[Exercise brief]:
Among the lines of the data, copy those that hold "Used".
Input for this task START
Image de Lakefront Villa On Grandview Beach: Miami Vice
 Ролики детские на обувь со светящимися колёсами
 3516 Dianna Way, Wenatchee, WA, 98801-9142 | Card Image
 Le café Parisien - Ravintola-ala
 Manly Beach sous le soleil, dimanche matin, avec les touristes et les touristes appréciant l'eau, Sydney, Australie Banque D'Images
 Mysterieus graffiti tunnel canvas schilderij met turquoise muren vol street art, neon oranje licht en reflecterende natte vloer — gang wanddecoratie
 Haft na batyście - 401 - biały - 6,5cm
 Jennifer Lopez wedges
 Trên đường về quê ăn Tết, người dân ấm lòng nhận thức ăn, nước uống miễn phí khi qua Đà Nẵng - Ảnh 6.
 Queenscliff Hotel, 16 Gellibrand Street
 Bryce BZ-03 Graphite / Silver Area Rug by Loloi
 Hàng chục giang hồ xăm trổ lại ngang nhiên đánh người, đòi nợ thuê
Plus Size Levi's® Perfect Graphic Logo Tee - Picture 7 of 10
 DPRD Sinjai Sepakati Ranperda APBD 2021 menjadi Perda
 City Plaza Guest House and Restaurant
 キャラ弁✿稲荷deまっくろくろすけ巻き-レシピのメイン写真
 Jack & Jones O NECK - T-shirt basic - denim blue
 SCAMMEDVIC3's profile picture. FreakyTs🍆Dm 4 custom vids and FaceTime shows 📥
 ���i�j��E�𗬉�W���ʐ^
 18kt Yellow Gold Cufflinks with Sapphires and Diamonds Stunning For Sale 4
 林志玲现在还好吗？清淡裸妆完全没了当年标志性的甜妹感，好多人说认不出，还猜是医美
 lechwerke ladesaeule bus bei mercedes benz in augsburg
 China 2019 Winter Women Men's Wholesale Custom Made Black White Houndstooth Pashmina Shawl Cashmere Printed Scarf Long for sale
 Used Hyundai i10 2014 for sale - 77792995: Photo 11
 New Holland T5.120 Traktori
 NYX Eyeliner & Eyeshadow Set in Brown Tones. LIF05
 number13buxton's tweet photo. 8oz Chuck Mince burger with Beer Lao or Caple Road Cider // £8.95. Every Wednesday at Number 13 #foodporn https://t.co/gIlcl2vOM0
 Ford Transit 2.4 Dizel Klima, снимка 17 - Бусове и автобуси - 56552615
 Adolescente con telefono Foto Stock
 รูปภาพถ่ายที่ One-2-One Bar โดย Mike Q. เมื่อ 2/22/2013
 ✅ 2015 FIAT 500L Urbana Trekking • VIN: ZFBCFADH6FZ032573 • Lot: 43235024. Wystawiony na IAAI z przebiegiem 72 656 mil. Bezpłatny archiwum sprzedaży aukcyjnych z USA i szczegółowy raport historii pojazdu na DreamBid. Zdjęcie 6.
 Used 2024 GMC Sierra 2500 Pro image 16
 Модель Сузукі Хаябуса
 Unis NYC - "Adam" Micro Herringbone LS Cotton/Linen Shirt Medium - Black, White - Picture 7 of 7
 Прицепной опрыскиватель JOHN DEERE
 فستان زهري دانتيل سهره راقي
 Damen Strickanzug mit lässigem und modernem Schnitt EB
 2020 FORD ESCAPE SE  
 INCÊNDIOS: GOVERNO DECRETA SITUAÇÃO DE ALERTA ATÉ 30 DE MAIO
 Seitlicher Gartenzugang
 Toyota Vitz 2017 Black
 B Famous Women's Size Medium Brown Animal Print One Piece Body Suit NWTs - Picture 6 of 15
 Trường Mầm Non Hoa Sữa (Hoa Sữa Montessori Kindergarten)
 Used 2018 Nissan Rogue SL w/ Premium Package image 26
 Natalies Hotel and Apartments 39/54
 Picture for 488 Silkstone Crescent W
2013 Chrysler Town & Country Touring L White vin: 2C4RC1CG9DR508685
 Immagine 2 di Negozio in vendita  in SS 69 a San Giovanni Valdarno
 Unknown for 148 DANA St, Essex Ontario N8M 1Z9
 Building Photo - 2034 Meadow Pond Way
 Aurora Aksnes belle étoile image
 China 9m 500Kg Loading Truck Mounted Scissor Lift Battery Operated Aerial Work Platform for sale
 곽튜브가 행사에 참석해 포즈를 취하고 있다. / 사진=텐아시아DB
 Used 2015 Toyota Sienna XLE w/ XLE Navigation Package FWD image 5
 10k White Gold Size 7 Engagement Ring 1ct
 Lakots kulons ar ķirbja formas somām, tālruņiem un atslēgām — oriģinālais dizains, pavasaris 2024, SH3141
Input for this task END
[Solution]:
 Used Hyundai i10 2014 for sale - 77792995: Photo 11
 Used 2024 GMC Sierra 2500 Pro image 16
 Used 2018 Nissan Rogue SL w/ Premium Package image 26
 Used 2015 Toyota Sienna XLE w/ XLE Navigation Package FWD image 5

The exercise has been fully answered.